向かい合って並んだ机の左右にルミちゃんとヨッシーが立っている。

が、肝心の広海君の姿が無い。

「あれ?広海君は?」

一体どこへ?

「遅いよ先生。たった今出て行ったわよ」

ええっ!?

「出て行った?どこへ?」

戻って来て、もう?

「知らな~い。カバンを取りに来ただけみたいだったよ」

カバンを取りに来ただけって…。

「じゃあ、まだ怒ってるのか」

「仕方ないわよね」

そりゃそうだな。

あれだけの啖呵を切って出て行ったんだもんな。

と、ルミちゃんが眉をグッとしかめた。

「なんか、ここ辞めるみたいな話、教授としてたけど」

ええっ!

「なんだってぇ?!」

慌てて振り返って、教授室の中へ飛び込む。

「ホントですか教授、広海君が辞めるって!」

と、横を向いて腰掛けていた教授がクルッと椅子ごと振り向いて顎を上げてきた。

「さあな。

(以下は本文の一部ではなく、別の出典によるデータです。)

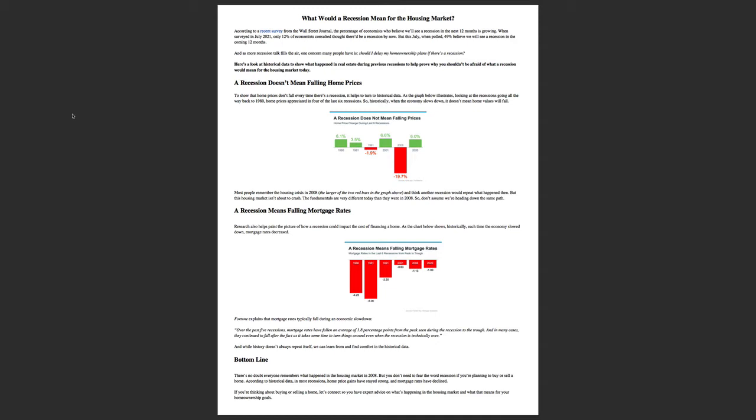I would do whatever I could to own a home. Most people remember the housing crisis back in 2008 and think that another recession is going to repeat. But that particular housing market was different than this one. The fundamentals we're dealing with today have nothing to do with what happened in 2008.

もう君の実験は手伝わない、みたいな事を言って、私が聞き返す間もなく出て行ったよ」

教授がジッと見つめてくる。

「そんな、」

そんなバカな!

急いで携帯を取り出して呼び出してみた。

が、繋がらない。

「何してるんだよ…」

何度掛け直しても出てくれない。

と、教授が立ち上がって首を振ってきた。